Employment and Training Administration, Washington, D.C. 20210

Classification: UI

Correspondence Symbol: TEUL

Date: July 19, 2000

Directive: Unemployment Insurance Program Letter No. 41-98 Change 1.

To: All State Employment Security Agencies.

From: Grace A. Kilbane, Administrator, Office of Workforce Security.

Subject: Application of the Prevailing Conditions of Work Requirement—Questions and Answers.

1. Purpose. To provide further information and guidance concerning the requirements of the prevailing conditions of work provisions of the Federal Unemployment Tax Act (FUTA) and to provide answers to questions raised by State Employment Security Agencies (SESAs) and other interested parties.

2. References. Section 3304(a)(5)(B), FUTA; Unemployment Compensation Program Letter (UCPL) No. 130; Unemployment Insurance Program Letter (UIPL) No. 984; UIPL No. 41-98; Start Printed Page 46001Sections 6010-6015, Part V, of the Employment Security Manual.

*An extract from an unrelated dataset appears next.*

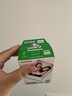 INSTAX富士instax立拍立得 mini相纸 白边双包20张(适用miniSE/11/12/40/90/LiPlay/EVO/Link3) 实拍图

3. Background. Section 3304(a)(5)(B), FUTA, requires, as a condition of employers in a State receiving credit against the Federal unemployment tax, that the State shall not deny unemployment compensation (UC) to any otherwise eligible individual for refusing to accept new work:

if the wages, hours, or other conditions of the work offered are substantially less favorable to the individual than those prevailing for similar work in the locality;

On August 17, 1998, the Department of Labor issued UIPL No. 41-98 to remind States of the requirements of the prevailing conditions of work provision of Section 3304(a)(5)(B), FUTA, and to provide additional guidance to States when adjudicating prevailing conditions issues. UIPL No. 41-98 reiterated the guidance previously issued in UCPL No. 130 and UIPL No. 984 and addressed a change in the labor market (since the issuance of those two program letters)—the increase in temporary work—and its relation to the prevailing conditions requirement. It also expanded on the guidance found in UIPL No. 984 that a change in the duties, terms, or conditions of the work is, in effect, an offer of “new work.”

The Department has received several comments and questions requesting further information and guidance concerning the prevailing conditions of work requirement. Therefore, this Change 1, incorporating answers to common questions regarding this requirement, is issued to assist States in applying the provision.

4. Inquiries. Please direct inquiries to the appropriate Regional Office.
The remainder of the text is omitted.